Assigned task: Shown below are entries with pictures; the line with "Ricambi Usati OPEL Astra J 2012" through the line with "2011-2014 Volkswagen Jetta" is the span to retype exactly, and the pictures stay out.

Given information:
----------

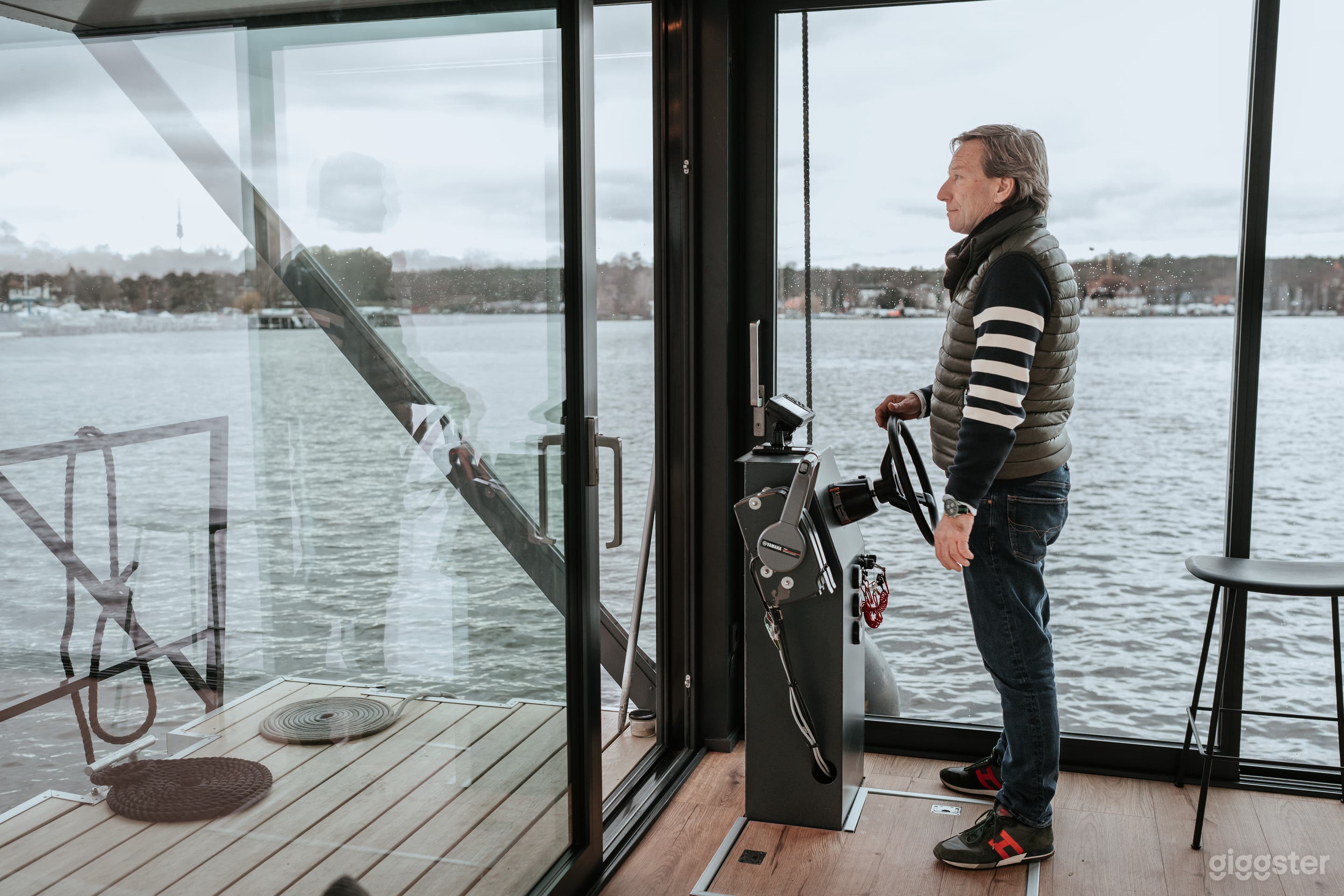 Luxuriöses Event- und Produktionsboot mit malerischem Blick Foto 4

----------

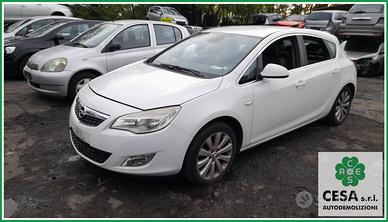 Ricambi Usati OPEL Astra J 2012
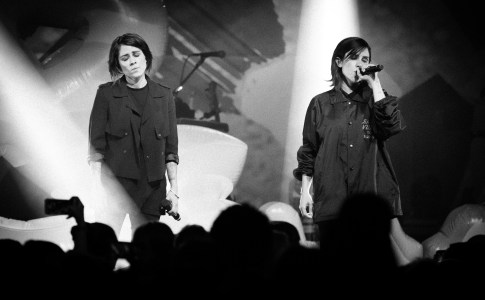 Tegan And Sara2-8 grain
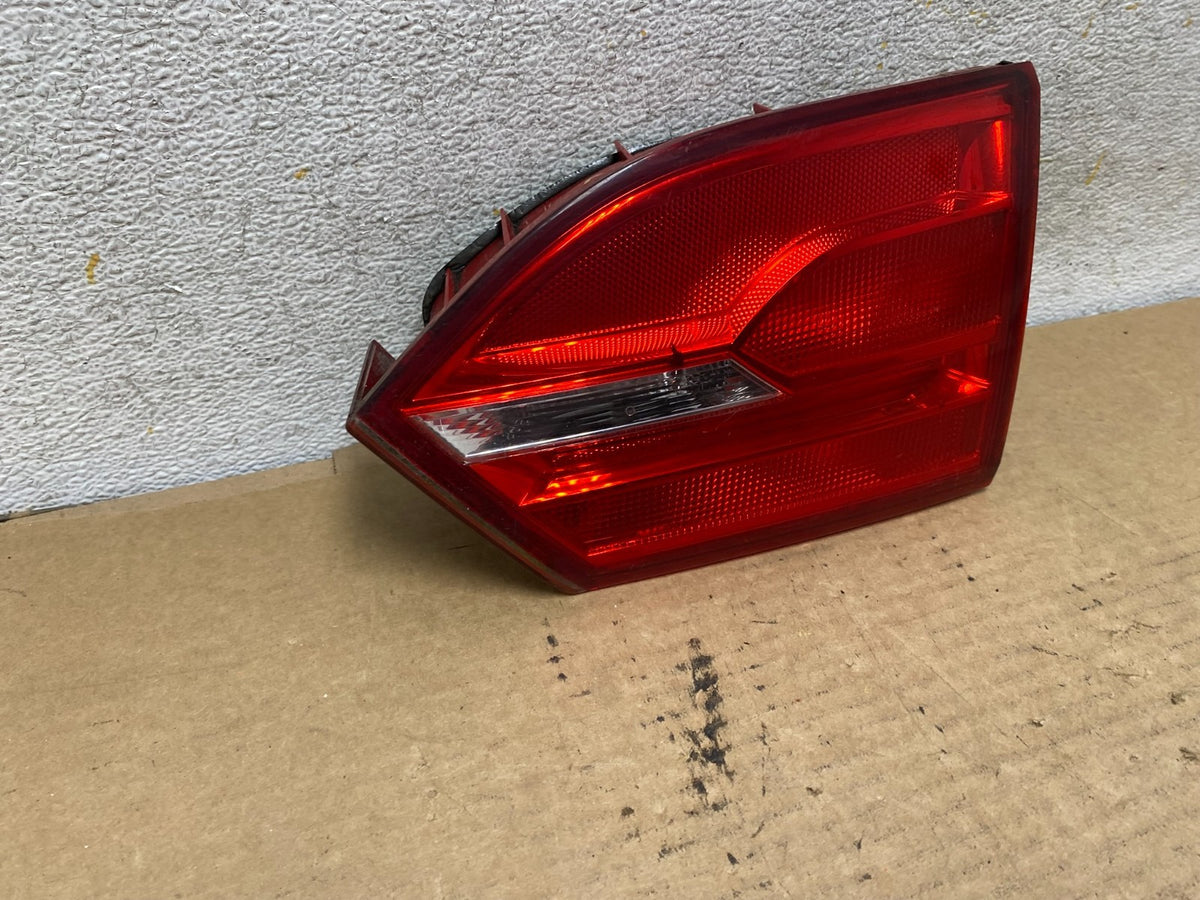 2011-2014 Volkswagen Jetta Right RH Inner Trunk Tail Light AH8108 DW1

----------

Answer area:
 Ricambi Usati OPEL Astra J 2012
 Tegan And Sara2-8 grain
 2011-2014 Volkswagen Jetta Right RH Inner Trunk Tail Light AH8108 DW1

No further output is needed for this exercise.